For starters, Eden Hazard is, somewhere between possibly and likely, on his way to Real Madrid. He’s 28, and it’s entirely reasonable for Chelsea to listen to offers if Real Madrid back up that money truck, especially if the Belgian is himself set on moving. But, still, it’s going to be hard to replace all that production.
That’s obviously true if Chelsea can’t avoid their looming transfer ban, but even if the ban gets stayed pending appeal, there’s a lot of work to be done. The frontline without Hazard consists of Willian, Pedro and the on loan Gonzalo Higuain, all of whom are on the wrong side of 30. Chrisitian Pulisic will be arriving, and he’s certainly an exciting young wing option, but he’s also not Eden Hazard, even if Chelsea hope he might become the same star level player in a year or three. Callum Hudson-Odoi may or may not be healthy and may or may not be transferring to Bayern Munich. Ruben Loftus-Cheek just suffered a ruptured achilles and the man he replaced in the lineup, Matteo Kovacic may or may not be headed back to Madrid when his loan spell ends. It is not only possible, but likely that only N’Golo Kante and Jorginho are likely to be long term starters on a Sarri side, and while Kante is obviously beyond reproach, there’s a whole lot of reproaching left to do when it comes to Jorginho’s ability to defend in space and the ease with which teams began taking him out of the game by man-marking him.
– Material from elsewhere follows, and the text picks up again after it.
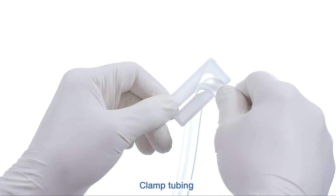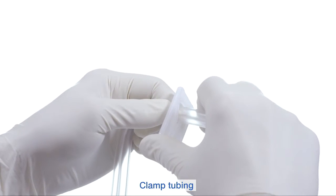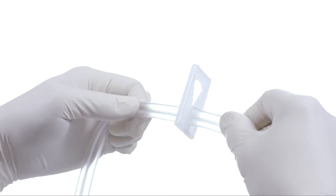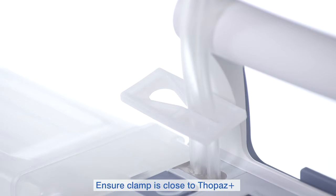To change the canister, you must first clamp the tubing. Clamp as close to the canister as possible to prevent fluid leakage once the canister is removed.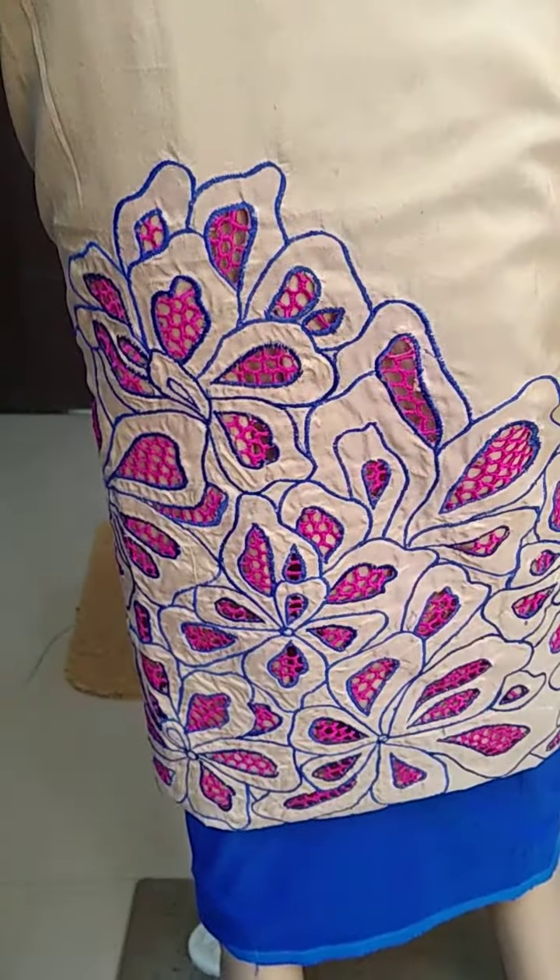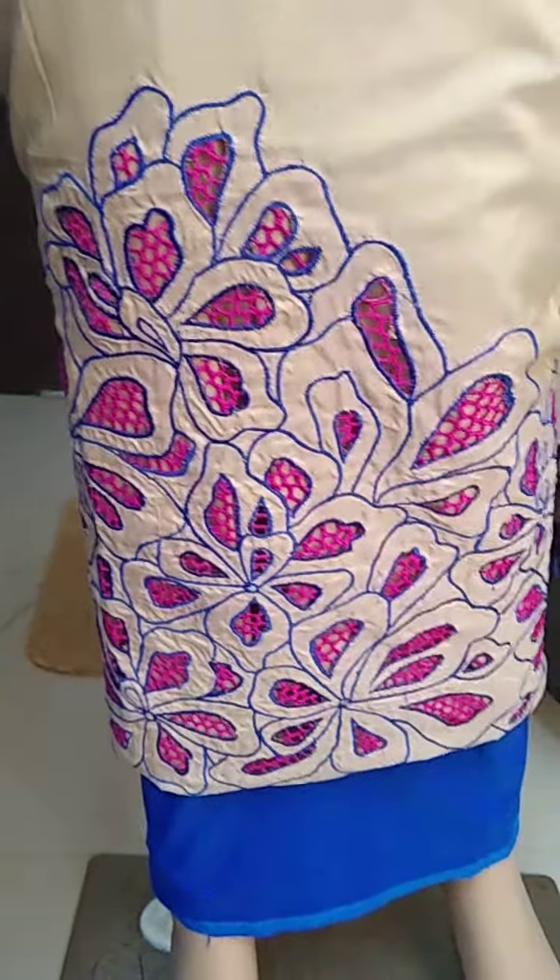Even with the sleeves, there is one flower in each of the sleeves. And this is a process of the pata.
The case for natural progression and improvement under Sarri rests on increased tactical cohesion going forward. But that case is undercut by the fact that if Hazard leaves then most of the players, especially most of the attacking players, are going to need replacing and upgrading. Now, maybe it’s possible that the new players will be better suited to Sarri’s style (although Kovacic, Higuain and Jorginho were all brought in specifically for the Italian manager), and therefore will take to the system quickly, but even so, as Sarri enters his second year, from a personnel standpoint it’s likely to be as chaotic as his first.
There are, of course, reasons for optimism. In addition to the incoming Pulisic and the injured Loftus-Cheek and Hudson-Odoi there are a number of young talented prospects on the book at Chelsea. Guys like Mason Mount, Tammy Abraham (still), maybe even Michy Batshuayi are possible contributing players in attack. Beyond that, Chelsea have absolutely been willing to spend in recent seasons, and if they aren’t banned it’s reasonable to expect that they will be aggressively looking to add pieces to this team, especially in midfield.
For much of Chelsea’s recent history the relationship between the transfer market and stability has been presented as a binary choice. Either the team can commit to staying the course, keeping their manager, and bringing through young talent, or they can splash the cash in the transfer market. But, given what their squad looks like, that’s no longer a choice. If Hazard goes then the team he leaves behind will both need to spend big and also need to get contributions for it’s handful of developing young players in order to keep moving in the right direction. Only doing one or the other will likely not be enough.
Chelsea had an acceptable season. They made the tiniest of strides in the right direction all while changing the way they played. But, the composition of their roster, and the possibility they’re losing their star means that the second step is going to be harder than the first. In order for Chelsea to progress from a contender for the Champions League places into a Champions League and Premier League contender themselves they’ve got a lot of work to do. That means the kids are going to have to step up and it means that their going to have to add big, impactful pieces this summer. If that happens, they way forward is clear. If not, well all the continuity in the world won’t get them enough points.